_DATA UNDER STUDY_
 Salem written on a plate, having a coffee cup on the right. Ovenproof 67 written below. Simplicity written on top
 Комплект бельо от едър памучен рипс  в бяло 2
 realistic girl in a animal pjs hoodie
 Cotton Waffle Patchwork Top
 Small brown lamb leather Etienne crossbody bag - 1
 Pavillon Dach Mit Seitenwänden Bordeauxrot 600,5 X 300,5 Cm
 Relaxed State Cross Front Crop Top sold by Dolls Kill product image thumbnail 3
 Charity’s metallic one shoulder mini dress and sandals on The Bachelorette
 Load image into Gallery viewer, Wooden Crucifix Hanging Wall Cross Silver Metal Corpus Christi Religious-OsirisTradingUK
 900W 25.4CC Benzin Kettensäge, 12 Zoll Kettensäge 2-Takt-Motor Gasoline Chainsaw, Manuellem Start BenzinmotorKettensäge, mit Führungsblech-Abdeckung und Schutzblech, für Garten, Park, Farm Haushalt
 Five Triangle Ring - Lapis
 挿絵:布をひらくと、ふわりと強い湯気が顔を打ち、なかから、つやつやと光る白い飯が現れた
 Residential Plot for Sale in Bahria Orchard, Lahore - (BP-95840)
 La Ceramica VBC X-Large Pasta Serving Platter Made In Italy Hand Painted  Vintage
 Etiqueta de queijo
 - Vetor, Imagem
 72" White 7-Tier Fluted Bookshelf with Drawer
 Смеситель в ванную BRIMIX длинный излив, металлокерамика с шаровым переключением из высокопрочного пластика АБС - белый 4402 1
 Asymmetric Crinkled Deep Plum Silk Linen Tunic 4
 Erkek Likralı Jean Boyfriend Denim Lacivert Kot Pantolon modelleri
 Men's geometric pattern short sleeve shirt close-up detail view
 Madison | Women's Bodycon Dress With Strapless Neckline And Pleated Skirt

_WORK REQUIRED_
The response should contain each record above, retyped exactly.

_OUTPUT OF THE EXERCISE_
 Salem written on a plate, having a coffee cup on the right. Ovenproof 67 written below. Simplicity written on top
 Комплект бельо от едър памучен рипс  в бяло 2
 realistic girl in a animal pjs hoodie
 Cotton Waffle Patchwork Top
 Small brown lamb leather Etienne crossbody bag - 1
 Pavillon Dach Mit Seitenwänden Bordeauxrot 600,5 X 300,5 Cm
 Relaxed State Cross Front Crop Top sold by Dolls Kill product image thumbnail 3
 Charity’s metallic one shoulder mini dress and sandals on The Bachelorette
 Load image into Gallery viewer, Wooden Crucifix Hanging Wall Cross Silver Metal Corpus Christi Religious-OsirisTradingUK
 900W 25.4CC Benzin Kettensäge, 12 Zoll Kettensäge 2-Takt-Motor Gasoline Chainsaw, Manuellem Start BenzinmotorKettensäge, mit Führungsblech-Abdeckung und Schutzblech, für Garten, Park, Farm Haushalt
 Five Triangle Ring - Lapis
 挿絵:布をひらくと、ふわりと強い湯気が顔を打ち、なかから、つやつやと光る白い飯が現れた
 Residential Plot for Sale in Bahria Orchard, Lahore - (BP-95840)
 La Ceramica VBC X-Large Pasta Serving Platter Made In Italy Hand Painted  Vintage
 Etiqueta de queijo
 - Vetor, Imagem
 72" White 7-Tier Fluted Bookshelf with Drawer
 Смеситель в ванную BRIMIX длинный излив, металлокерамика с шаровым переключением из высокопрочного пластика АБС - белый 4402 1
 Asymmetric Crinkled Deep Plum Silk Linen Tunic 4
 Erkek Likralı Jean Boyfriend Denim Lacivert Kot Pantolon modelleri
 Men's geometric pattern short sleeve shirt close-up detail view
 Madison | Women's Bodycon Dress With Strapless Neckline And Pleated Skirt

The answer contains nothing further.